Rclone is a command line program to manage files on cloud storage. It is a feature rich alternative to cloud vendors' web storage interfaces. Over 40 cloud storage products support rclone including S3 object stores, business & consumer file storage services, as well as standard transfer protocols. Rclone has powerful cloud equivalents to the unix commands rsync, cp, mv, mount, ls, ncdu, tree, rm, and cat. Rclone's familiar syntax includes shell pipeline support, and --dry-run
protection. It can be used at the command line, in scripts or via its API. This page will describe rclone including instructions for using Pathfinder with rclone.
Contents
Overview
Since rclone is intended to be used with cloud technologies, any server that can use cloud protocols can use rclone to transfer data. ARCC’s on-premises cloud-like storage, Pathfinder, uses the S3 protocol that was developed by Amazon AWS. This enables researchers to store & share data on with all of the capabilities of cloud storage without the costs of a third-party vendor.
Features
MD5/SHA-1 hashes checked at all times for file integrity
Timestamps preserved on files
Partial syncs supported on a whole file basis
Copy mode to just copy new/changed files
Sync (one way) mode to make a directory identical
Check mode to check for file hash equality
Can sync to and from network, e.g. two different cloud accounts
Optional large file chunking (Chunker)
Optional encryption (Crypt)
Optional cache (Cache)
Optional FUSE mount (rclone mount)
Multi-threaded downloads to local disk
Can serve local or remote files over HTTP/WebDav/FTP/SFTP/dlna
What does rclone do?
Rclone can help you:
Backup (and encrypt) files to cloud storage
Restore (and decrypt) files from cloud storage
Mirror cloud data to other cloud services or locally
Migrate data to cloud, or between cloud storage vendors
Mount multiple, encrypted, cached or diverse cloud storage as a disk
Analyse and account for data held on cloud storage using lsf, ljson, size, ncdu
Union file systems together to present multiple local and/or cloud file systems as one
How to Use rclone
The following are step-by-step instructions for using rclone with Pathfinder.
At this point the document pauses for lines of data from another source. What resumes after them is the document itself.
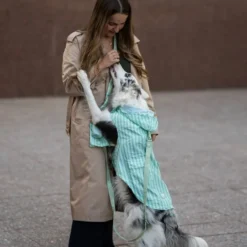 Dukier Chubasquero Soft Green Perro Mediano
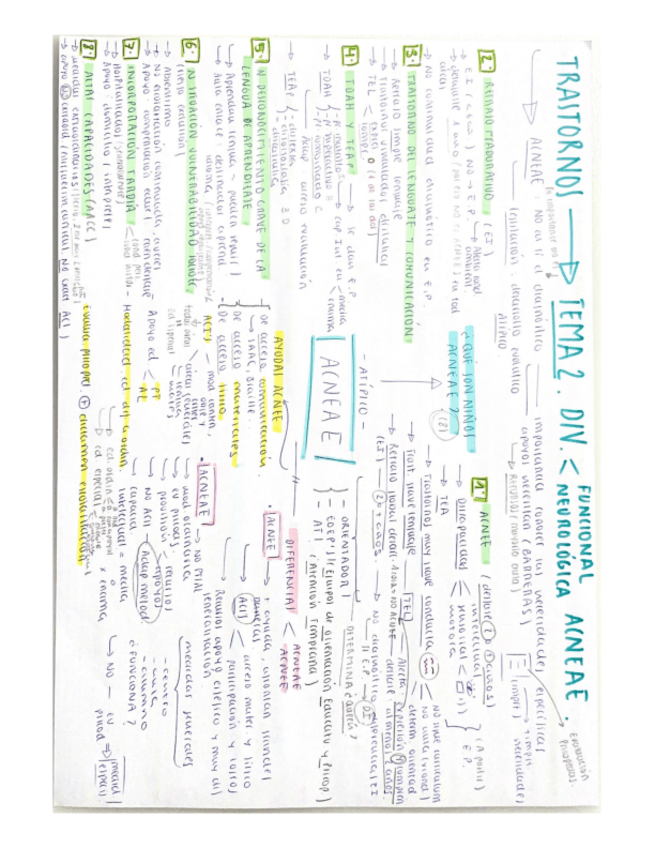 Miniatura del documento ESQUEMAtema-2-ACNEAE.pdf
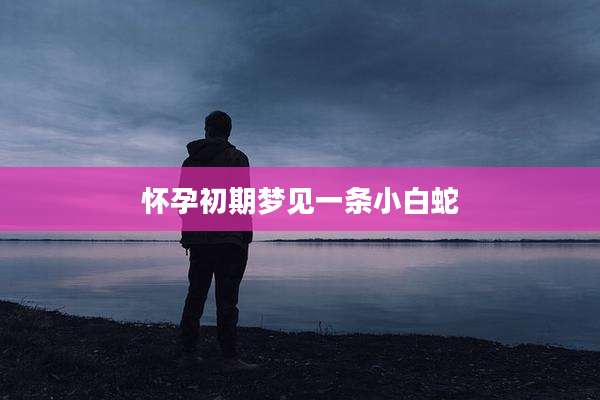 怀孕初期梦见一条小白蛇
Before going through these instructions please make sure you have access to Pathfinder (or any other cloud service you wish to use rclone with) and already have your Accesskey/Secretkey credentials
Step 1. Make sure rclone is installed
On a laptop or desktop
Before using Pathfinder with your own workstation with rclone, you will need to make sure you download it and it is installed properly from the rclone website. The rclone website also has much more information on using rclone including several commands and other documentation with installation instructions.
On Teton
A version of rclone is already installed on Teton to easily transfer data from Teton to Pathfinder. Once logged into Teton you can find out how to use rclone on Teton by using the module spider rclone
command.
As you can see, at the time of this writing there is only one version of rclone installed on Teton. If a newer version of rclone is required, please email arcc-info@uwyo.edu to make the request. If there is more than one version of rclone installed on Teton, the module spider rclone
command will show all versions and you will need to specify which version you want to use if the default version will not work for your use case.
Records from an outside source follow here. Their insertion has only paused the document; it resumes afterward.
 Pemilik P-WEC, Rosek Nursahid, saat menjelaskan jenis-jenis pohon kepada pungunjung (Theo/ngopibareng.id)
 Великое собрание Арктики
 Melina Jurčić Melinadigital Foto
Once you have identified which version use the module load rclone
command to enable rclone on this Teton session. Once that is done, you can check to see if the rclone module is available by using the module avail
command.
Step 2. Setting up the rclone .config file
Before using rclone you must set up a configuration file that details the information about the remote server you want to transfer data to. Since Pathfinder uses the S3 protocol, our following examples will all use S3, but it’s important to know that there are more options available.
There are two different ways of setting up your rclone configuration file:
Create the .conf file manually
If you know everything about rclone and the options that are available to include into your rclone configuration file, you can simply navigate to your .config folder in your home directory on Teton and create a folder for rclone to create a file to enter these options. Example below:
cd ~/.config mkdir rclone cd rclone vim rclone-test.conf
and enter something like this:
[pf-mybucket] type = s3 provider = 3 env_auth = false access_key_id = <enter your access key here> secret_access_key = <enter your secret key here> endpoint = pathfinder.arcc.uwyo.edu acl = private
Using the rclone prompt to create the .conf file
Once rclone is available to use run the command rclone config
to see the options to create the configuration file.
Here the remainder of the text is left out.